Love Chapel was officially designated a Grapevine landmark on Jan. 20, 2009, and would become the 27th historical marker placed in Grapevine at a building or site.

“We were really dedicating the site,” said Sallie Andrews, who works with Grapevine Historic Preservation. “This was probably the best marker dedication we’ve ever had. They are all good, but this one was really good and really meaningful.”

On May 17, 2009, during Grapevine’s Main Street Days 25th Annual Festival, the historical marker was unveiled and celebrated at Love Chapel.

Love Chapel’s band played at the event, and the church’s pastor then, Emuel Glenn, who died in 2013, spoke at the dedication ceremony.

Andrews, who was at the Sunday service, said both the 2009 and 2015 celebrations were “a wonderful coming together of the community.”

Mayor William D. Tate, still mayor today, offered reflections and memories about the church and its congregation, many of them friends. He spoke fondly of the church at a City Council meeting last week, and told the Star-Telegram in an interview he is glad it was being given a new life.

The historical designation meant that the one-room building once heated with a wood stove has significance to the community and would not be torn down unless authorized by the city’s Historic Preservation Commission.

Brewer was 83 in 2009, when she danced and shouted praises to God at that dedication. She repeated the celebration last week, dancing on the church’s new blue carpet as drums and tambourines echoed through the small chapel.

“If the church moved out, there would be nothing left in Grapevine of The Hill,” Brewer, resplendent in an electric blue suit and hat, said.

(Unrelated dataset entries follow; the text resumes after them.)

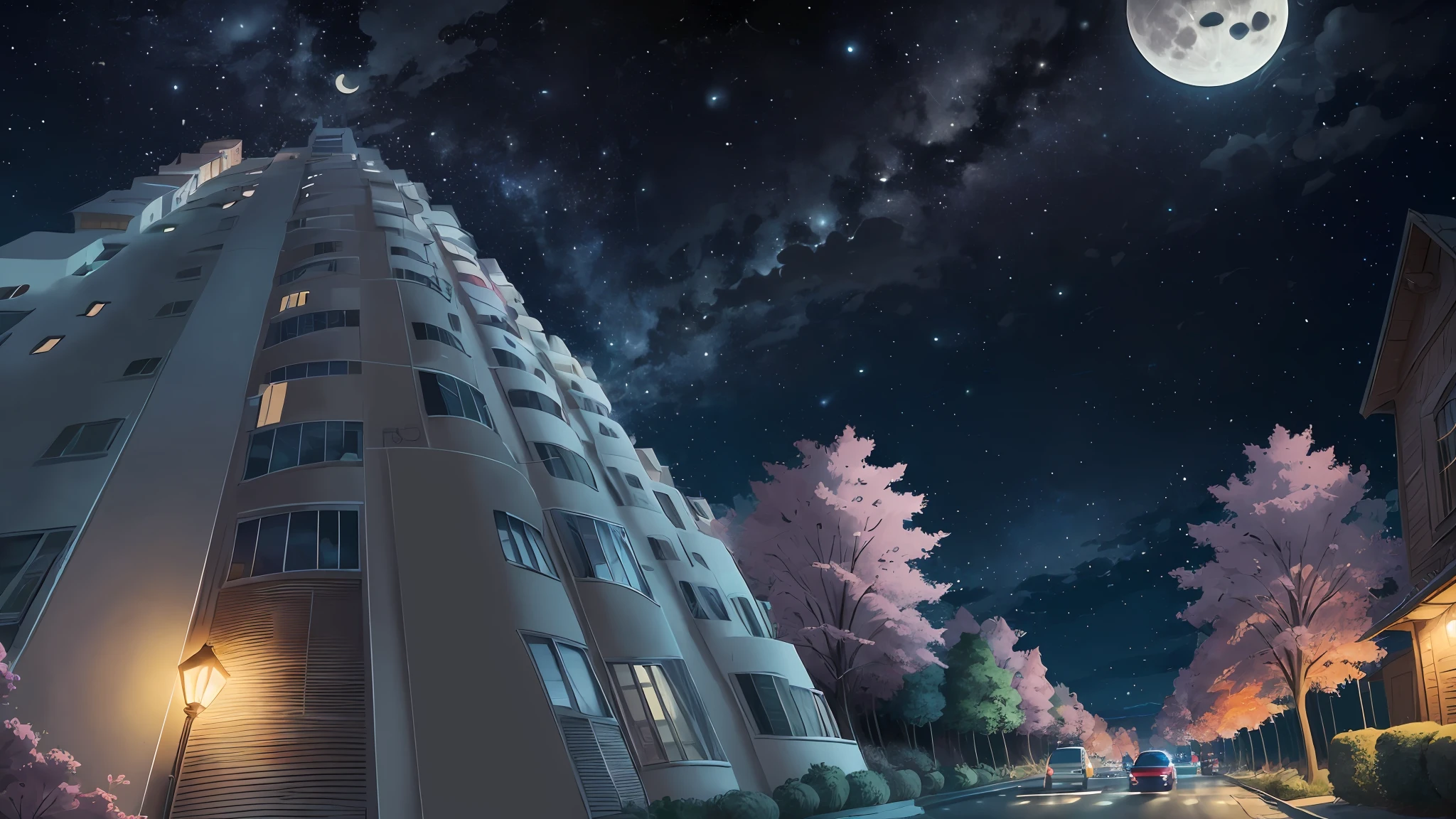 Late at night, a full moon in the starry sky, street lights on the side of the street, wind blowing trees on the street, a book through the open window of the house, beautiful HD cartoon scenes, beautiful HD cartoon scenery, night sky, art HD cartoon. As you marvel at the view before you, 8K, Ultra-HD, --auto --s2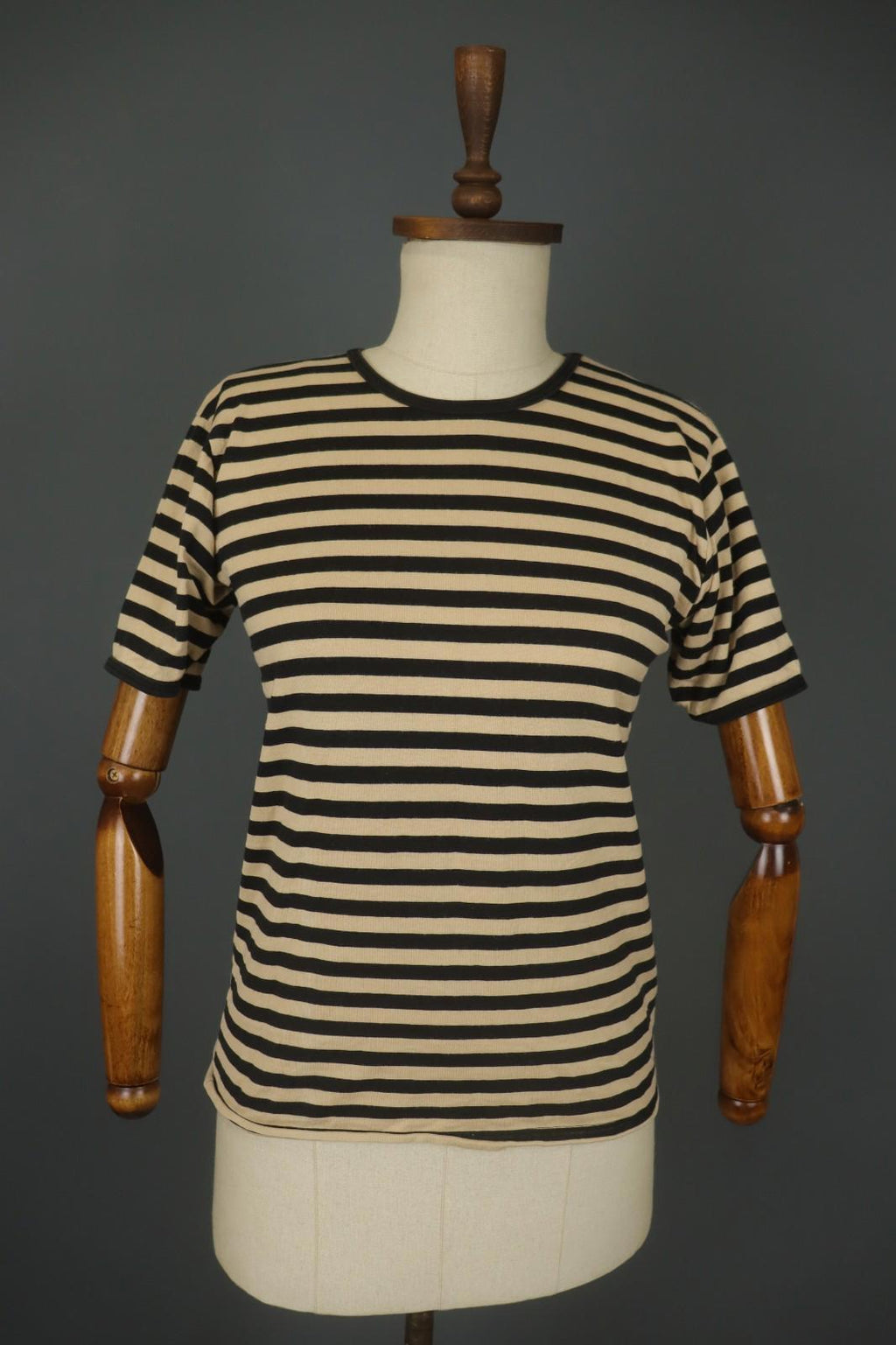 MARIMEKKO Beige and Black Striped Short Sleeve Crew Neck Top Blouse – Size S / M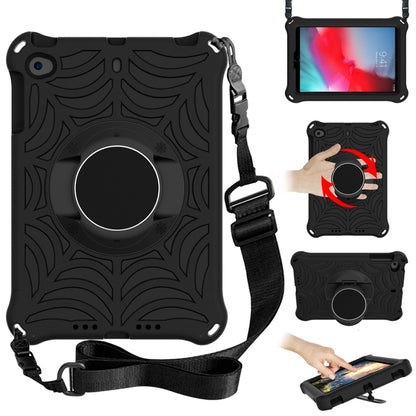 Black protective tablet case with adjustable shoulder strap and circular grip stand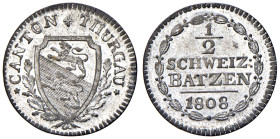 Svizzera - "Thurgau" 1/2 Batzen 1808 - KM 3 Mi 2,05 g

Status: FDC
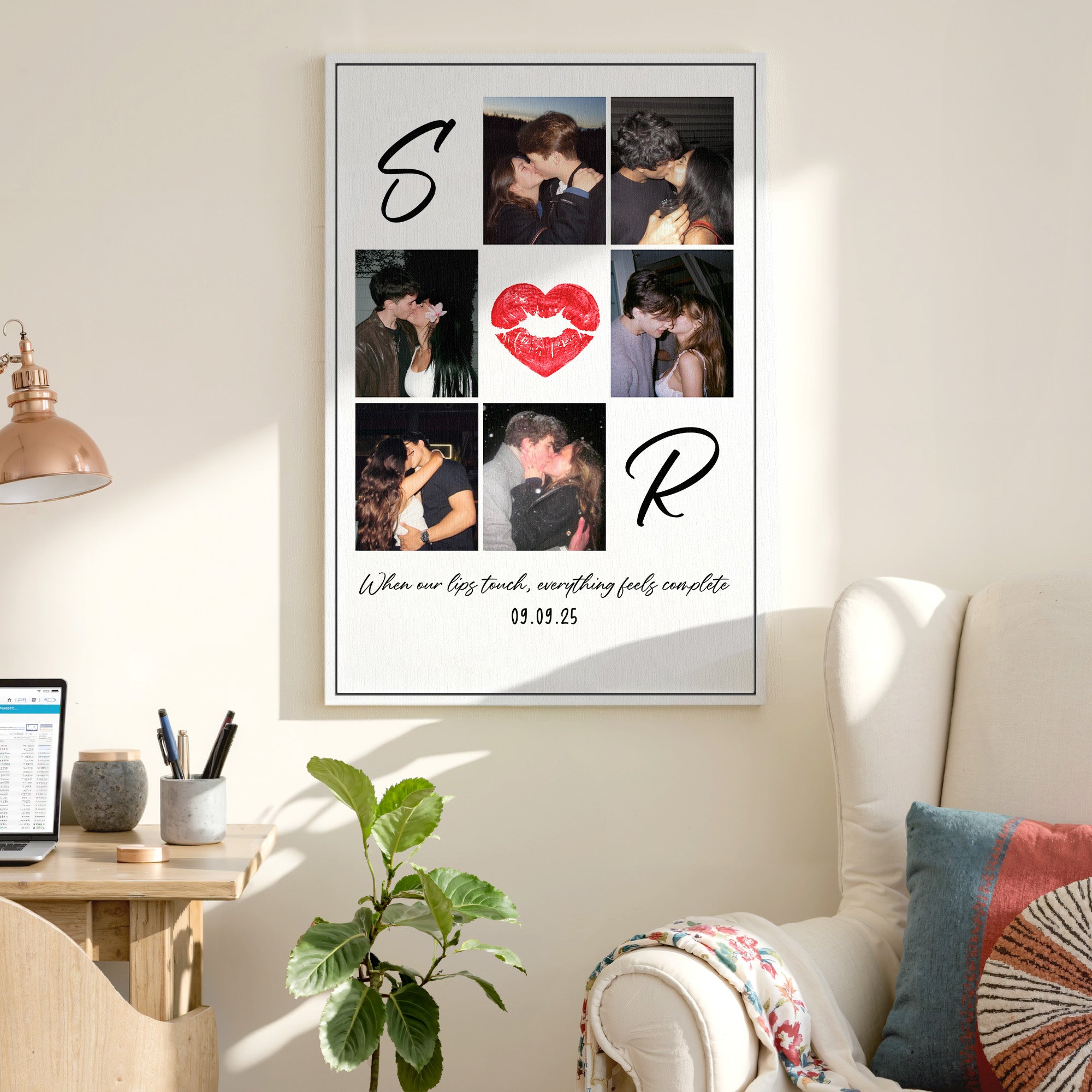 Personalized Kiss Mark Photo Canvas with Names And Year, Unique Lip Shape Collage Romantic Anniversary Gift for Her Him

During the service, several people spoke about how Love Chapel needed restoration even though it had been protected since 2009. Even before they lost their lease at the strip center, church members met with historic preservation staff to discuss function, ADA compliance and the restoration of the original building.

Foundation work was sorely needed before the leaking roof could be addressed, which meant re-grading the property for proper drainage. Work was also needed on the ceiling, floors, windows and “all things needed for restoration of the weathered chapel,” Bush said.

Word spread, and efforts to restore the church came from across the city.

- A local plumbing company donated its services.

- An insulation company donated materials and time.

- An electrical contractor rewired the chapel.

- A carpet and flooring owner also pitched in.

“As business owners learned the story of Love Chapel, they opened their hearts and gave to bring the congregation back to the historic chapel,” Bush said.

She said that “all of the trades gathered and worked long hours and weekends to make Love Chapel ready and back to its original glory.”

The pastor and others praised those who made the day possible, including David Klempin, the city’s historic preservation officer and manager, and Paul W. McCallum, executive director of the Grapevine Convention & Visitors Bureau, both of whom attended the service.

Brewer said it was like coming home when she and a handful of others held a small prayer gathering there Sept. 6, ignoring the discomfort because the air conditioning wasn’t ready yet.

“I’m excited about being back,” she said. The octogenarian, who is the church mother, said she is proud to be back in her humble church.

“When I passed before, I had tears. Now, I have tears of joy.”